Il vostro film colpisce anche per la forma molto diretta. L’Occidente ha scoperto l’Iran attraverso una serie di grandi maestri Kiarostami, Mahmalbaf, Panahi, eccetera. Nel loro cinema intessuto di metafore e allegorie, il non detto e l’allusione avevano una parte importante. Cosa rappresentano questi nomi oggi per voi?
«La situazione nel Paese oggi è completamente diversa», risponde Asgari, che da giovane ha studiato cinema al Centro Sperimentale di Roma. «Il nostro film arriva dopo l’uccisione di Mahsa Amini, un enorme scandalo per il governo. Quello che sta succedendo in Iran ci ha permesso di vedere tutto alla luce del “prima” e del “dopo” la nascita del movimento “Donna, Vita, Libertà”. Anche per il cinema c’era un prima e ci sarà un dopo. Come artisti non potevamo più usare modi indiretti, dunque abbiamo deciso di essere più espliciti ma in modo volutamente “artistico”, facendo un film non narrativo. E senza chiedere il permesso, come abbiamo dovuto fare per troppi anni in precedenza. Ormai la gente era scesa nelle strade in Iran. Non potevamo più usare metafore per raccontare una storia, anche se all’inizio e alla fine qualche scena metaforica c’è».

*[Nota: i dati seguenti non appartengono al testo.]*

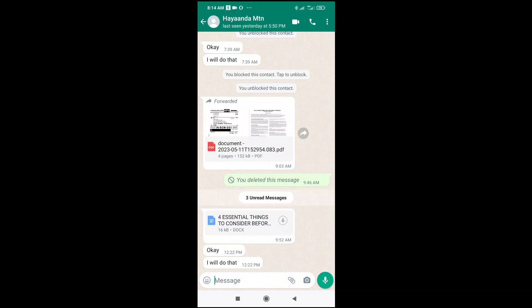Good day everyone. In this video today, I will show you how to open a docs file in WhatsApp. As you can see here, this is the docs file which someone sent to me.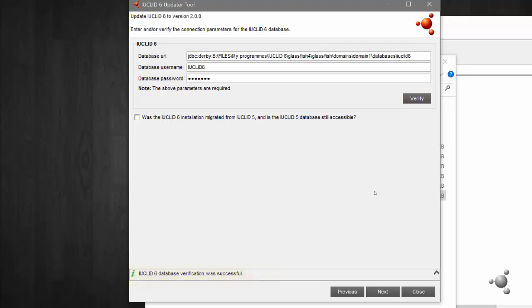If the IUCLID 6 installation you are updating has data which was migrated from IUCLID 5 and you still have IUCLID 5 installed on your machine, you can also provide the connection details to your IUCLID 5 database to resolve minor issues linked to previous updates. Now select Next.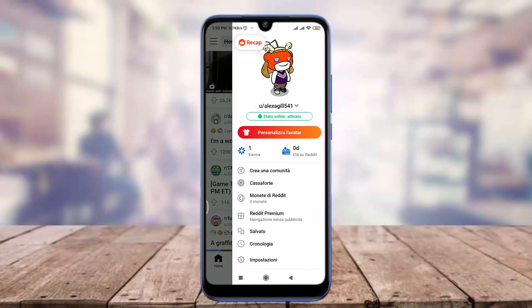This is how you change the language of your Reddit app. I hope this video was really helpful for you. I'll see you in the next video — until then, keep calm, stay safe, and goodbye.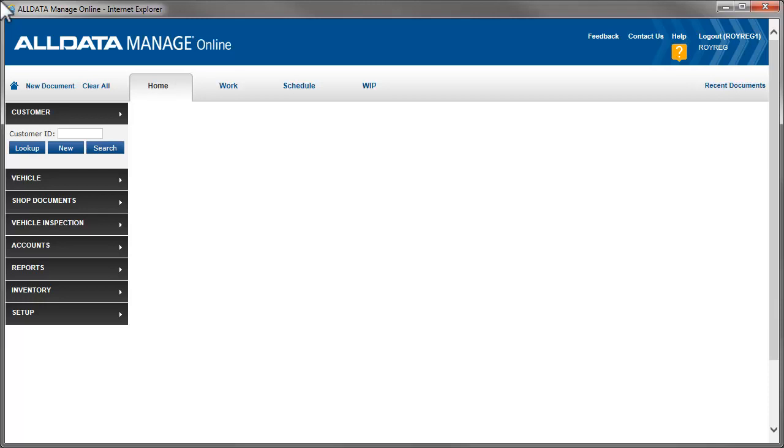Florida State law requires that automotive repair shops include specific information on their estimates and invoices. This video will show you the items in AllData Manage Online that must be completed in Setup and when creating estimates and invoices to meet these regulations.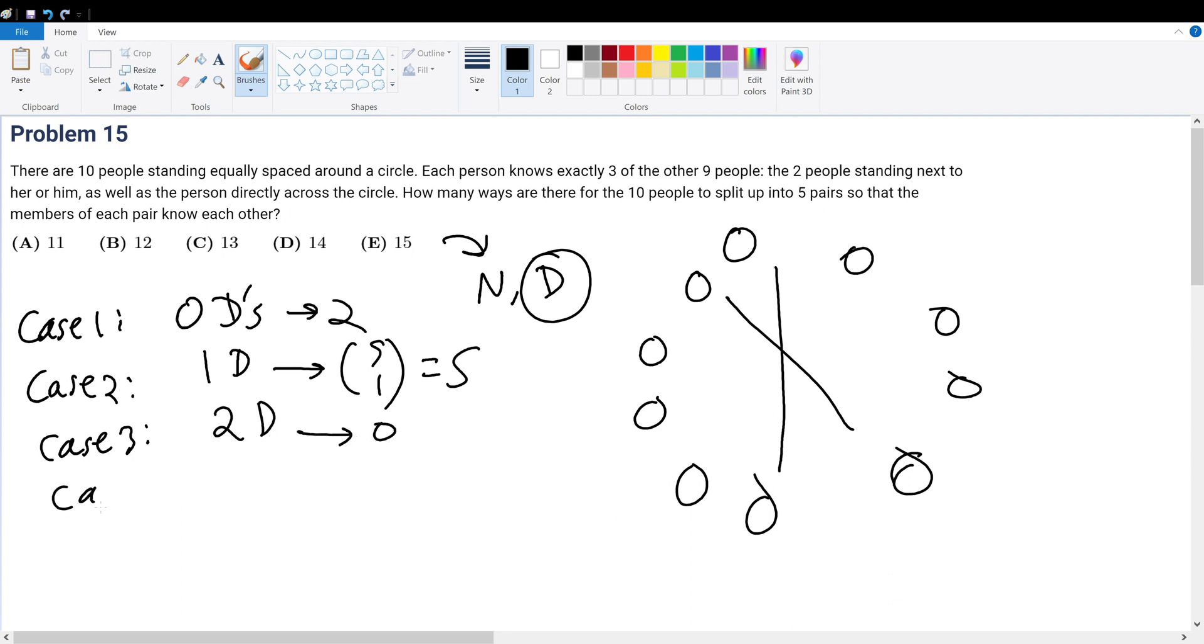What about case four? In case four, we have three diagonals. Let's say it's these three. Well, the rest are predetermined. So it's five pick three. But notice, five pick three is equal to ten. And what does that ten represent?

La poesia è stata molto importante per decidere la struttura del film, e nella letteratura persiana non si contano i grandi poeti. Lo stesso titolo internazionale del film, “Terrestrial Verses”, viene da Forough Farrokhzad, grande poetessa e femminista ante litteram che fu anche attrice, regista e documentarista, morta nel 1967 a soli 33 anni (pubblicata in Italia da Aliberti, Orientexpress e Condò). In Iran è un mito, prima o poi qualcuno le dedicherà un film. Ma la grande poesia persiana compare anche in una delle scene più terribili e insieme esilaranti di “Kafka a Teheran”, quando un funzionario contesta a un cittadino i versi “alcolici” di Rumi, poeta e mistico del XII secolo, che porta tatuati su un braccio. Chiediamo ad Asgari: sono ancora molto letti i poeti nel vostro Paese?

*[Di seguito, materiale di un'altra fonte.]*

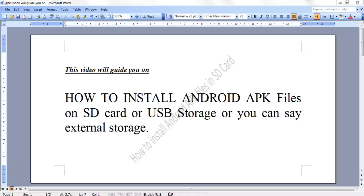Hello everybody. Today with the help of this video, I am going to tell you how to install Android APK files on SD card or USB storage, or you can say the external storage.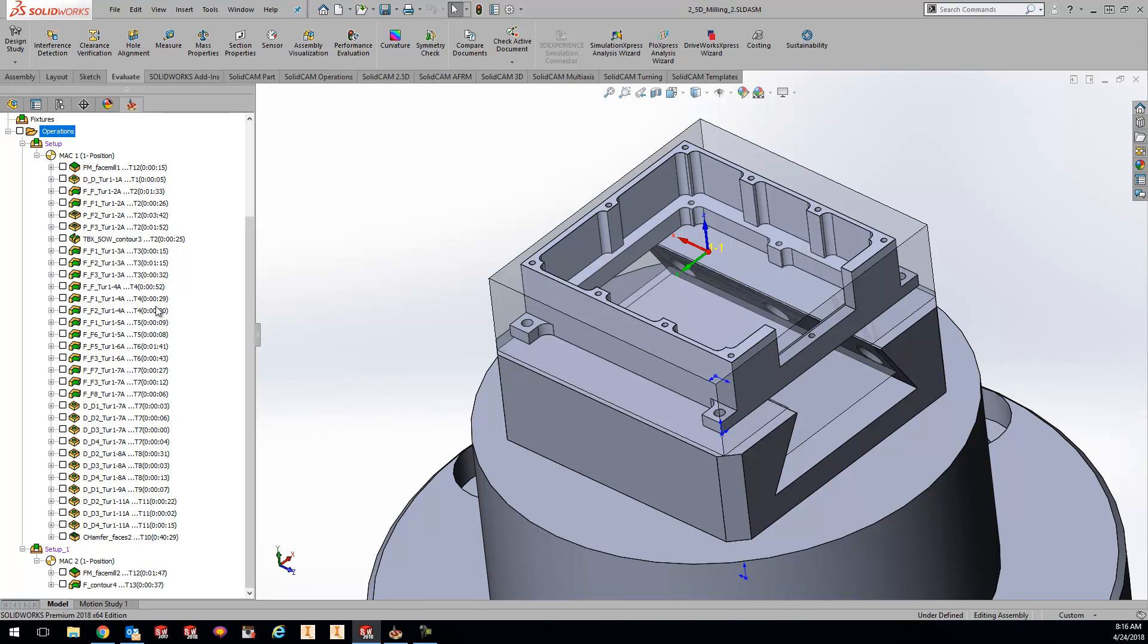The nice thing about this is you can do a quick browse through and see where the bulk of your time is being taken up. I have one right here that's a little bit long at one minute forty-one seconds, but as I'm going further down I have a chamfer faces that's taking up forty minutes, so I may have a wrong feed or speed.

«Assolutamente. La poesia è ancora molto importante in Iran, anche nelle occasioni pubbliche, per esempio durante le feste di Capodanno. Nelle strade ci sono bambini che vendono libri di versi. La poesia in generale ha una grande importanza nella cultura iraniana, ben più dei romanzi, è molto amata dalla gente. Anche per questo abbiamo deciso di ispirarci a una tecnica in uso nelle poesie persiane detta il dibattito, in cui due personaggi discutono accanitamente un soggetto politico o sociale. Spesso con molto umorismo, cosa che si tende a dimenticare. Anche se proprio questa componente umoristica ci ha convinti definitivamente a usare questo tipo di forma per il nostro film».

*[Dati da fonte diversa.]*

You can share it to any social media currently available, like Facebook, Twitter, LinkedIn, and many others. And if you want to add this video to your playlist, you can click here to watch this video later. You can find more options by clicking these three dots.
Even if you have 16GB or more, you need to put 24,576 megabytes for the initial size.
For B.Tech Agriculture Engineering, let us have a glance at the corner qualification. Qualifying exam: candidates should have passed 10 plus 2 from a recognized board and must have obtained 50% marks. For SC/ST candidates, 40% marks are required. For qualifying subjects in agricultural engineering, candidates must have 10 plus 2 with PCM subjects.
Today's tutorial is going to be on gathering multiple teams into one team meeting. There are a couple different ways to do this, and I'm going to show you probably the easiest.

Come mai solo nove episodi se ne avevate scritti quindici? «Non volevamo ripeterci e ci siamo fermati a nove, nove diverse età. La forma scelta esigeva sintesi. Nel primo segmento c’è un neonato, poi i personaggi sono via via sempre più grandi. Il prologo fa da ouverture, un po’ come all’opera. volevamo che Teheran diventasse un altro personaggio, i nostri protagonisti vivono tutti nella capitale. Che alla fine si distrugge. Questo era importante: mostrare Teheran. E poi distruggerla».